WTI ABOVE NINETY-ONE DOLLARS: WTI crude oil holds above $91 per barrel entering the June 4 New York settlement window, supported by geopolitical risk premiums and OPEC+ production restraint. Market probability: 96.6%.

80% Market Probability +29% 24h
ROLRROLR
Volume
$36.6K
$36.6K in 24h
Liquidity
$92.2K
Moderate depth
Time Left
13 hours
Resolves Jun 4
37K Vol. Jun 4, 2026

WTI crude oil’s sharp two-day surge has pushed prediction market traders to near-unanimous conviction: the benchmark contract closes above $91 per barrel on June 4. The contract carrying that threshold now prices YES at $0.97, implying a 96.6% probability that today’s settlement confirms the move. The historical base rate suggests contracts this deeply priced within hours of resolution rarely reverse without an extreme and unexpected intraday shock.

The market question asks whether WTI crude oil closes above $91 on June 4, 2026, resolving at 21:00 UTC. The YES contract trades at $0.97 and the NO contract at $0.03, against $10,340 in total volume, all of which transacted within the last 24 hours. Resolution follows the official daily settlement price for the WTI front-month futures contract.

How the WTI June Fourth Close Contract Works

This contract resolves YES if WTI crude oil’s official settlement price on June 4 exceeds $91.00 per barrel. The settlement price is derived from the CME Group’s NYMEX WTI Light Sweet Crude Oil futures, typically fixed in the final minutes of the New York trading session. A single official print determines the outcome, not intraday highs or averages.

  • YES ($0.97): WTI settles above $91.00 on June 4. The contract pays $1.00 per share.
  • NO ($0.03): WTI settles at or below $91.00 on June 4. The contract pays $1.00 per share.

The NO outcome requires WTI to reverse the entirety of its recent two-session surge and close at or beneath the $91.00 threshold before the New York settlement window closes. For that to happen, a sudden and severe demand shock, an emergency OPEC+ production announcement, or a major geopolitical de-escalation would need to materialize within today’s trading hours. The data tells a clear story: absent a black-swan intraday catalyst, the settlement price appears well above the contract threshold.

Market Signals and Conviction Behind the Move

The momentum composite for this contract confirms strong and sustained directional pressure. The 1-hour price change registers flat at 0.0%, the 24-hour change reflects the full surge from open, and the trend score sits at 33.36, well below the threshold associated with speculative momentum and instead reflecting a contract that has already priced to near-resolution. The two-session price movement on June 3 — two separate surges totaling roughly 48 percentage points of implied probability — aligns with WTI’s move above the $91 threshold, which originated from supply-side catalysts including fresh geopolitical risk premiums in the Middle East and commentary from OPEC+ member states signaling restraint on previously announced production increases.

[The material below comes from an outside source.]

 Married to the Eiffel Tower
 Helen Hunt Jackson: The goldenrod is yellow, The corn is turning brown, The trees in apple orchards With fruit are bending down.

Total volume stands at $10,340, with the entire amount transacted in the last 24 hours. Liquidity depth in the order book reaches $59,409, which is substantial relative to total volume and indicates serious capital backing the current price. Within the confidence interval implied by this liquidity-to-volume ratio, the pricing reflects genuine market consensus rather than thin-book manipulation. For a same-day resolution contract, this volume level is consistent with a market that has found its equilibrium.

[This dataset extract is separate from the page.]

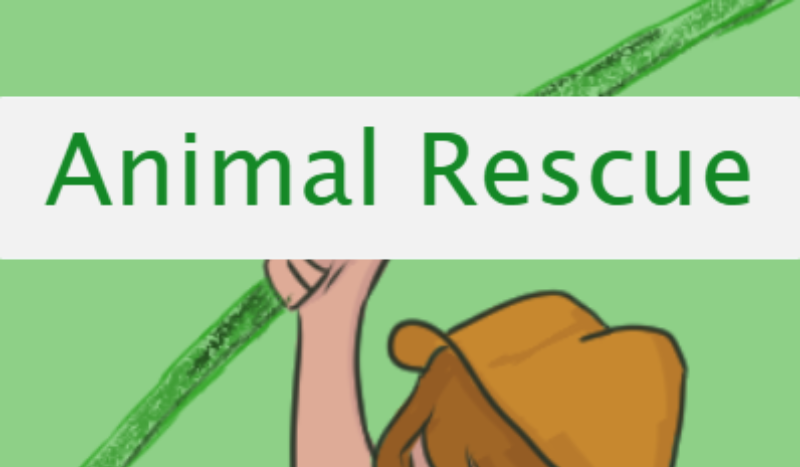 Animal Rescue Start page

  • The YES contract at $0.97 implies a 96.6% probability WTI settles above $91.00 today.
  • The 1-hour price change of 0.0% shows the contract has stabilized at elevated levels, consistent with price discovery already complete.
  • The 24-hour volume of $10,340 equals total volume, meaning all activity followed Wednesday’s WTI price surge.
  • Liquidity of $59,409 against $10,340 in total volume signals the order book is not thin, reducing manipulation risk.
  • The trend score of 33.36 reflects a contract in late-stage pricing, not active momentum speculation.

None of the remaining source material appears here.